I established a company, Roadcare Nigeria Limited in Ibadan, Oyo State with three other directors. The company specialised in manufacturing asphalt materials.
The company obtained a licence to manufacture the product from a UK-based industrialist. The country, not being ready for such highly sophisticated road-patching method in the 80s, did not give the product the good patronage it deserved. Hence, the company fizzled out.
It was rather unfortunate. We trained many of the government officials on how to use the materials. We packed them for use. For some others, we did the job for them, patching the roads in Lagos, Ogun and Oyo states among others ,especially federal roads.
But we were owed by government, and if at all they released money, we would have to go through intermediaries for payment. By the time it got to us, it would just be remnants. Hence, the company folded up because we couldn’t break even. I went back to London thereafter and returned later in 1987.
Do you intend to establish a similar company now that you are back home?
At what age? I am now old. I can no longer waste my time again on such thing. All I do now is guiding my children. And then occasionally, I travel to the UK for medical checks.
Would you say you achieved all your goals during your youthful days?
I seized all the opportunities that presented themselves to me. I was not lazy. I was equal to the task. God helped me to achieve all the goals I set for myself.
How do you feel at 80?
It’s exciting. I thank God for making me to attain 80. I never thought I would be 80 due to the sickness I suffered not too long ago. I was on the sick bed for about six months. I was down with diabetes. Thank God I was in London at the time. I was admitted into a hospital and placed in the intensive care unit. It was so serious. I could neither walk nor move any part of my body. I thought that was the end.
But I enjoyed the grace of God and the good medicare and facilities in the UK. I have regained my health back. If this had happened to me in Nigeria, I don’t think I would have survived it.
What is your life’s philosophy?
To be faithful in all my dealings with everyone at all times.
Would you love to live up to 100 or more?
Not really. All I can say is that anytime my creator feels my time is up, he should call me. I must also add that I want to be able to do things myself even at my old age. I don’t want to be a burden to my children. I want to be strong till the end.
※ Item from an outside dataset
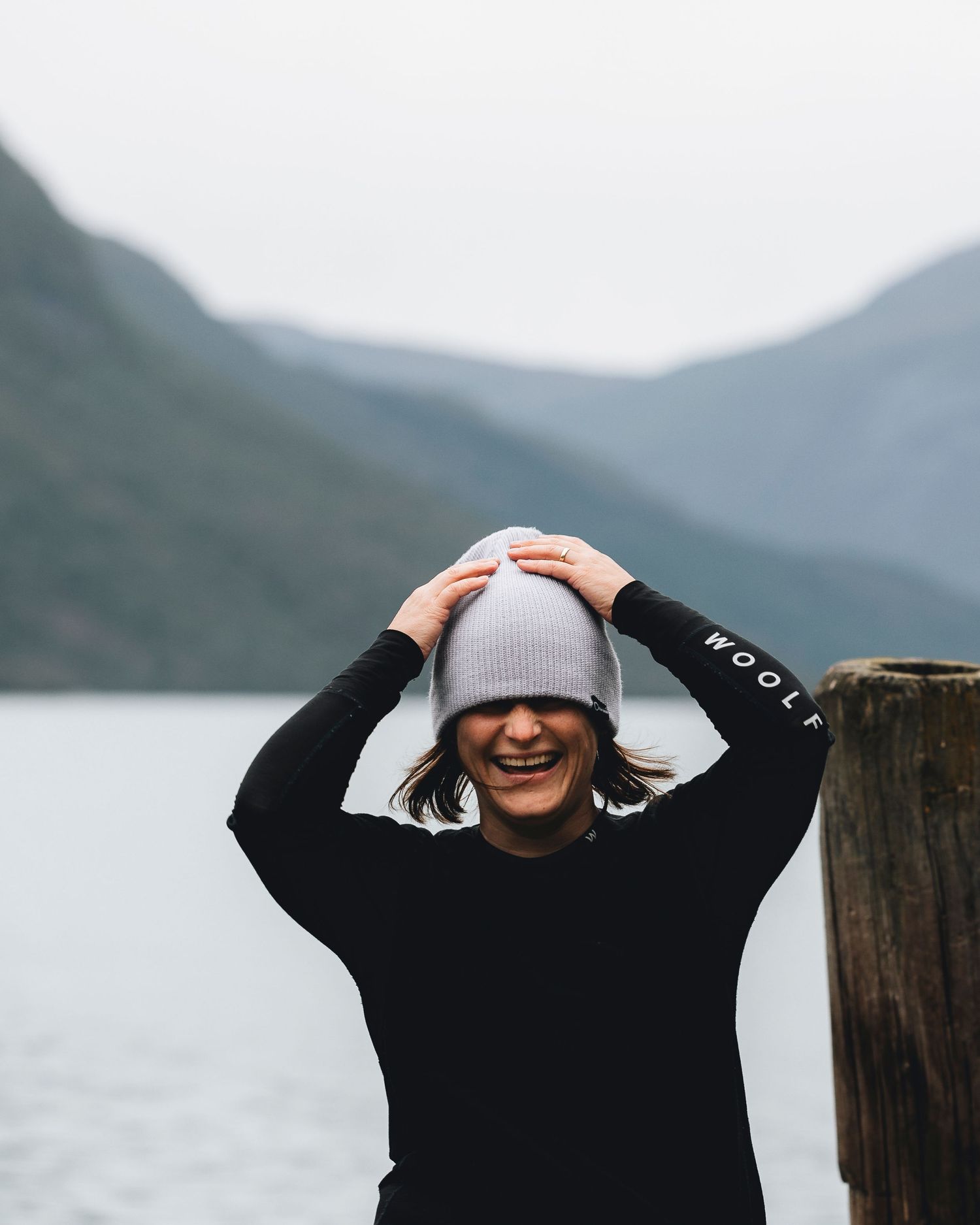 Person wearing a black sweater and gray beanie stands smiling by a lake with mountains in the background.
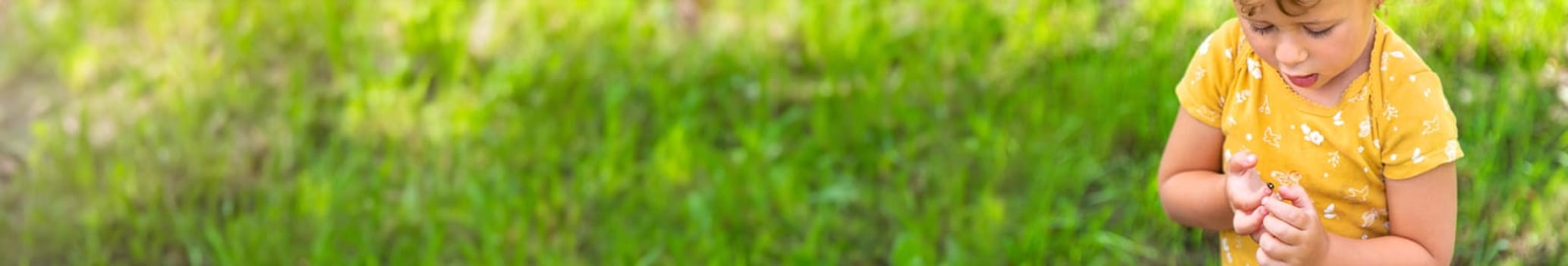 A child holds a ladybug on her hand. Selective focus. Nature.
What is secret of your good looks at 80?
First, I would say God has been merciful to me. Besides, I do a little bit of exercise. I walk from my house here to the next street and back. I have a walking stick which I am planning to drop because I don’t like using it.
What is your favourite food?
My favourite food is yam and beans served with tilapia fish.
What do you think makes a good marriage?
Love and sincerity make a good marriage. If you love your partner and you are sincere, everything concerning the marriage will be okay. If there is no love and sincerity, everything is finished.
Why do you think marriages break down nowadays?
Couples are no longer faithful in their dealings with each other. You say you are in love with someone, yet you are seeing someone else. When there is no love and no trust in a marriage, everything ends.
I have been married for 40 years. My wife, Adepeju, clocked 60 years in March, 2017. Love, trust and sincerity keep us together. She has been a blessing to me, the children and the family. I thank God for giving her to me as a wife.
How many children do you have?
I am blessed with six children; two boys and four girls. Some are based in Nigeria while some are abroad. They are all doing well in their chosen careers.
Would you advise youths to still travel abroad for green pastures?
If they have the opportunity, I will say they should go though the opportunities that existed in our days are no longer there. I have someone who left school 10 years ago and he’s doing odd jobs. Any youth who has the opportunity to travel abroad should go.
You were in the UK for about 20 years or more, did it ever cross your mind to marry a white woman?
It never crossed my mind. I was totally committed to my job and when it was time to marry, I came back home and got married.